The Center of Our Existence

Yesterday I started reading the book Le Temps des Amours by Marcel Pagnol, the last book in a series about his childhood.  The first sentence of the book really got me thinking.  The boy was in what is the equivalent of middle school in France, and the book details his experiences there from his perspective.  He wrote, “Ce n’est que bien plus tard que je découvris l’effet le plus surprenant de ma nouvelle vie scolaire: ma famille, ma chère famille, n’était plus le centre de mon existence.” (My translation: “It wasn’t until later that I discovered the most surprising fact of my new scholarly life: my family, my dear family, was no longer the center of my existence.”)  That struck a chord with me, probably because I imagine my own four-year-old son saying that at some point in the future as he decides in his teenage years that his life with friends is more important than his life with family.  For him now, his family is the center of his existence—his best friends are his brother and sister; he spends countless hours learning from and playing with his mom each day; he begs me not to go to work and runs to the door when I return; and he often counts out loud the members of his family, announcing (yet again) how many people we have in the family.  Everything revolves around the family, and that’s how I hope it will continue to be for him for a very long time. 
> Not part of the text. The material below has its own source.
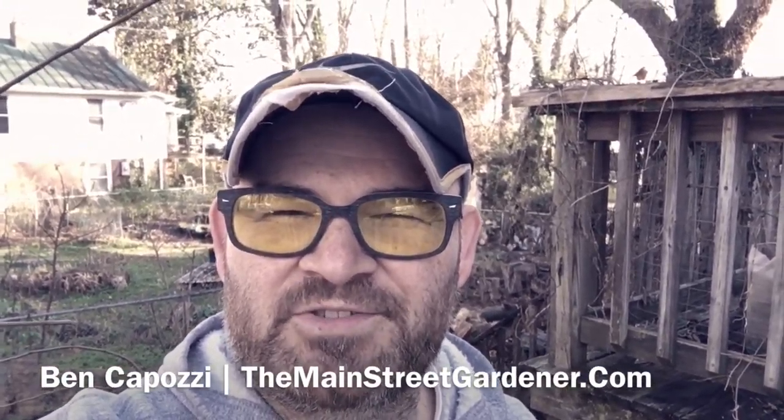Hey folks, it's Ben Kaposi with The Main Street Gardener, and I'm getting ready to plant what I think is my 27th apple tree here at the home orchard, give or take.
                I of course want my son to cherish and love and long to be with his family, and even when he gets older and spends more time away from home I hope that we will still be in some way at the center of his life.  As I thought about this, I realized that this is essentially the hope of our Heavenly Father as we come here to earth.  Despite the fact that we are no longer with him, He seeks to draw us back to Him and help us remember that once He was the center of our existence and that we can have that same relationship here on earth.  This is the sense of His words to Enoch: “Behold these thy brethren; they are the workmanship of mine own hands, and I gave unto them their knowledge, in the day I created them; and in the Garden of Eden, gave I unto man his agency; And unto thy brethren have I said, and also given commandment, that they should love one another, and that they should choose me, their Father” (Moses 7:32-33).  The Lord weeps when we do not choose Him as our Father, when we don’t want our heavenly family to be the center of our existence.  The gospel teaches us to remember where we came from and which home should really matter to us.  Perhaps the hymn O My Father captures how we should feel if we truly understand the plan: “O my Father, thou that dwellest In the high and glorious place, When shall I regain thy presence And again behold thy face?… Yet ofttimes a secret something whispered, ‘You're a stranger here,’ and I felt that I had wandered from a more exalted sphere.”  The world and all it offers is full of distractions that seek to confuse us on where our real home is.  But as Paul taught, “The Spirit itself beareth witness with our spirit, that we are the children of God: And if children, then heirs; heirs of God, and joint-heirs with Christ” (Romans 8:16-17).  Christ taught us in our dispensation about that heavenly home we can return to: “Let not your hearts be troubled; for in my Father’s house are many mansions, and I have prepared a place for you; and where my Father and I am, there ye shall be also” (D&C 98:18). 

                At the end of Jacob’s writings he gave this surprising summary of their lives, “I conclude this record, declaring that I have written according to the best of my knowledge, by saying that the time passed away with us, and also our lives passed away like as it were unto us a dream, we being a lonesome and a solemn people, wanderers, cast out from Jerusalem, born in tribulation, in a wilderness” (Jacob 7:26).  I have to wonder if part of that sorry about being wanderers in the wilderness and cast out from Jerusalem didn’t have to do with a deeper desire to finally go to his heavenly home after so many struggles in mortality.  He knew the plan of salvation as well as any and knew that we could “inherit the kingdom of God” to return to live with God.  We must never forget that we are indeed wanderers on earth and the home we really long for—the desire that should be the center of our existence—is obtained only in choosing the Savior’s way here on earth.